Chemical potential, symbolized by μ, is a quantity first described by the American engineer, chemist and mathematical physicist Josiah Williard Gibbs. He defined it as follows:

If to any homogeneous mass in a state of hydrostatic stress we suppose an infinitesimal quantity of any substance to be added, the mass remaining homogeneous and its entropy and volume remaining unchanged, the increase of the energy of the mass divided by the quantity of the substance added is the potential for that substance in the mass considered.

Gibbs noted also that for the purposes of this definition, any chemical element or combination of elements in given proportions may be considered a substance, whether capable or not of existing by itself as a homogeneous body. Chemical potential is also referred to as partial molar Gibbs energy (See also Partial molar property).

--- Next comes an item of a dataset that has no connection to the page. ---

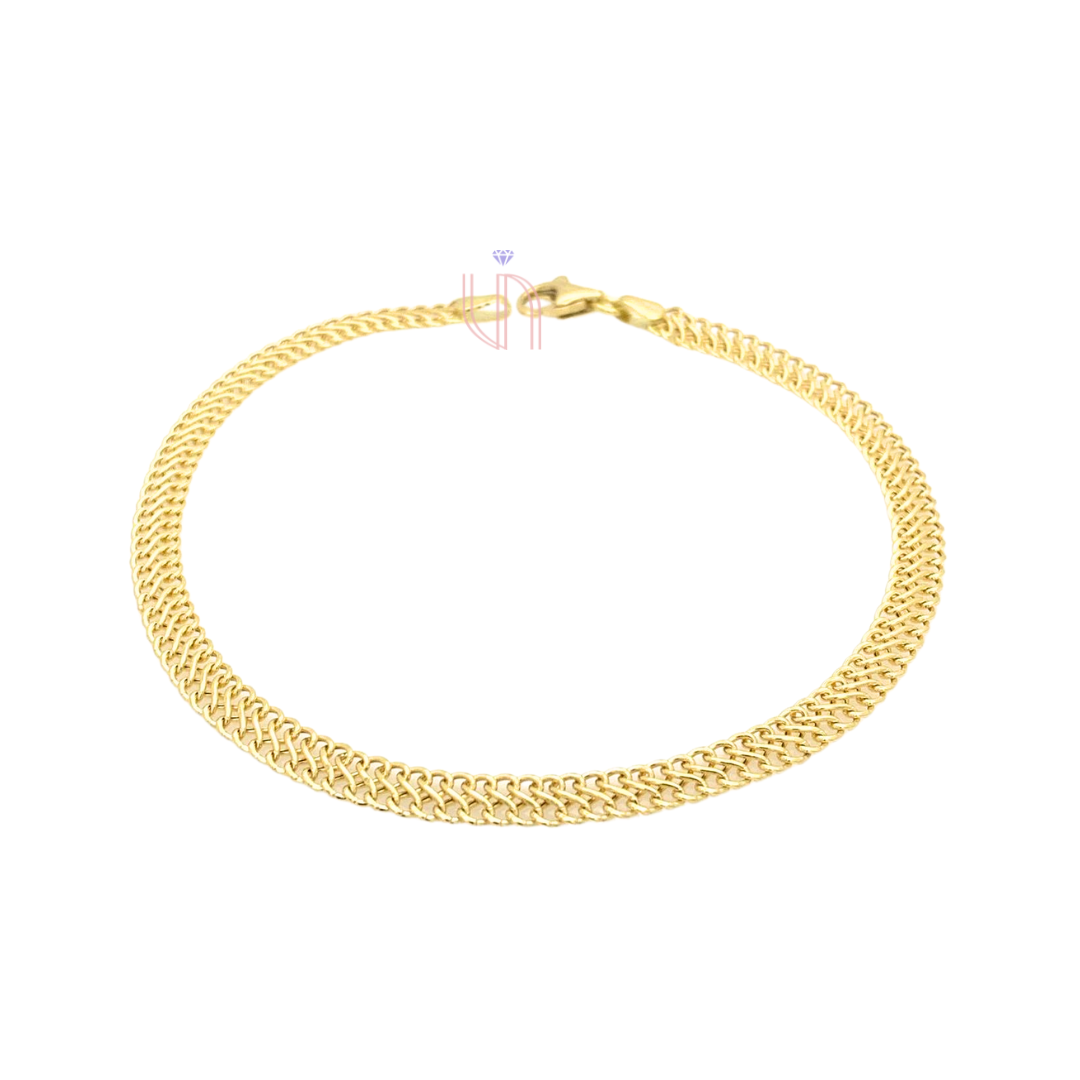 Pulseira Lacraia em Ouro Amarelo 18k 18,0cm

The chemical potential is used in thermodynamics, physics and chemistry. In modern statistical physics the chemical potential is the Lagrange multiplier for the average particle constraint, when maximizing the entropy. This is the precise and abstract scientific definition, just like the temperature is defined as the Lagrange multiplier for the average energy constraint.

In some fields (particularly electrochemistry), the term "chemical potential" is used to describe a fundamentally different (but related) concept, namely the "internal chemical potential"; see below for details.

The chemical potential of a system of electrons is also called the Fermi level.[1]